Is Exploration All You Need? Effective Exploration Characteristics for Transfer in Reinforcement Learning

Jonathan C. Balloch, Rishav Bhagat, Geigh Zollicoffer, Ruoran Jia, Julia Kim, Mark O. Riedl

TL;DR

This work tackles the problem of understanding which exploration characteristics enable efficient online transfer in deep reinforcement learning under non-stationary novelties. It conducts a large-scale empirical study, evaluating eleven exploration algorithms on diversified two-environment transfer problems, and introduces a taxonomy based on exploration principles (stochasticity, explicit diversity, separate objective) and temporal locality, plus algorithmic instantiation. Using metrics such as Convergence efficiency, Adaptive efficiency, Final adaptive performance, and Tr-AUC, it finds that explicit diversity and stochasticity are the most consistently beneficial for transfer across novelties and environments, while the benefits of time-dependent exploration vary by task and novelty type. The results provide practical guidance for selecting and combining exploration characteristics to improve online task transfer in real-world, non-stationary RL settings and suggest directions for dynamic, transfer-aware exploration design.

Abstract

In deep reinforcement learning (RL) research, there has been a concerted effort to design more efficient and productive exploration methods while solving sparse-reward problems. These exploration methods often share common principles (e.g., improving diversity) and implementation details (e.g., intrinsic reward). Prior work found that non-stationary Markov decision processes (MDPs) require exploration to efficiently adapt to changes in the environment with online transfer learning. However, the relationship between specific exploration characteristics and effective transfer learning in deep RL has not been characterized. In this work, we seek to understand the relationships between salient exploration characteristics and improved performance and efficiency in transfer learning. We test eleven popular exploration algorithms on a variety of transfer types -- or ``novelties'' -- to identify the characteristics that positively affect online transfer learning. Our analysis shows that some characteristics correlate with improved performance and efficiency across a wide range of transfer tasks, while others only improve transfer performance with respect to specific environment changes. From our analysis, make recommendations about which exploration algorithm characteristics are best suited to specific transfer situations.
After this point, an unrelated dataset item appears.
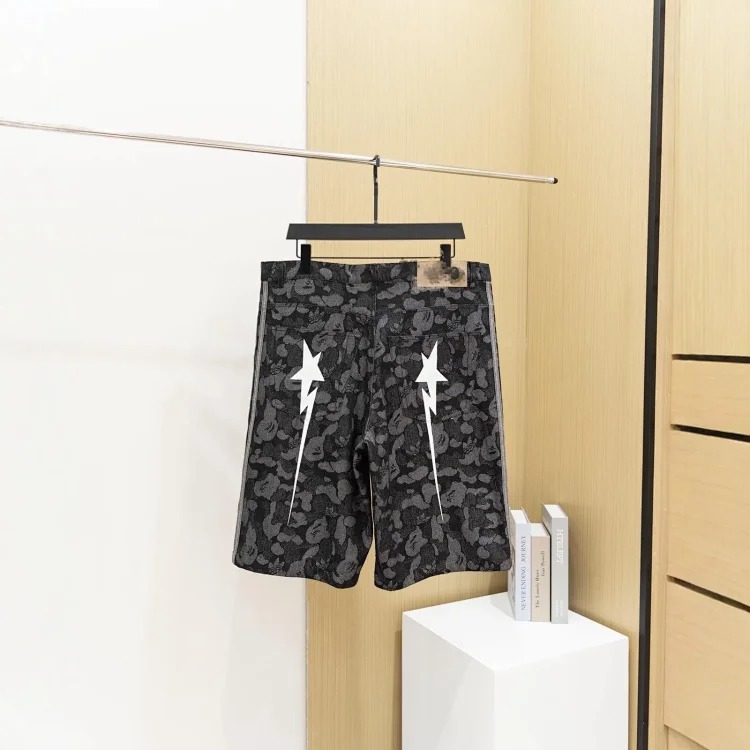 High insbape co-branded shark print denim shorts, summer loose, casual and trendy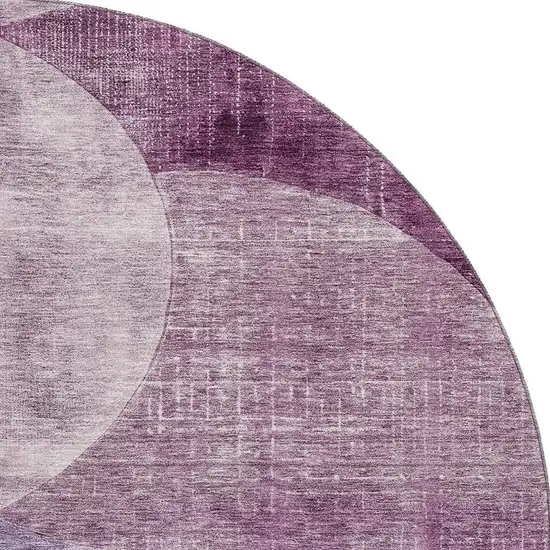 8' Purple Lilac And Mauve Geometric Washable Round Rug With UV Protection Photo 3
Is Exploration All You Need? Effective Exploration Characteristics for Transfer in Reinforcement Learning

TL;DR

This work tackles the problem of understanding which exploration characteristics enable efficient online transfer in deep reinforcement learning under non-stationary novelties. It conducts a large-scale empirical study, evaluating eleven exploration algorithms on diversified two-environment transfer problems, and introduces a taxonomy based on exploration principles (stochasticity, explicit diversity, separate objective) and temporal locality, plus algorithmic instantiation. Using metrics such as Convergence efficiency, Adaptive efficiency, Final adaptive performance, and Tr-AUC, it finds that explicit diversity and stochasticity are the most consistently beneficial for transfer across novelties and environments, while the benefits of time-dependent exploration vary by task and novelty type. The results provide practical guidance for selecting and combining exploration characteristics to improve online task transfer in real-world, non-stationary RL settings and suggest directions for dynamic, transfer-aware exploration design.

Abstract

In deep reinforcement learning (RL) research, there has been a concerted effort to design more efficient and productive exploration methods while solving sparse-reward problems. These exploration methods often share common principles (e.g., improving diversity) and implementation details (e.g., intrinsic reward). Prior work found that non-stationary Markov decision processes (MDPs) require exploration to efficiently adapt to changes in the environment with online transfer learning. However, the relationship between specific exploration characteristics and effective transfer learning in deep RL has not been characterized. In this work, we seek to understand the relationships between salient exploration characteristics and improved performance and efficiency in transfer learning. We test eleven popular exploration algorithms on a variety of transfer types -- or ``novelties'' -- to identify the characteristics that positively affect online transfer learning. Our analysis shows that some characteristics correlate with improved performance and efficiency across a wide range of transfer tasks, while others only improve transfer performance with respect to specific environment changes. From our analysis, make recommendations about which exploration algorithm characteristics are best suited to specific transfer situations.
Paper Structure (23 sections, 1 equation, 5 figures, 8 tables)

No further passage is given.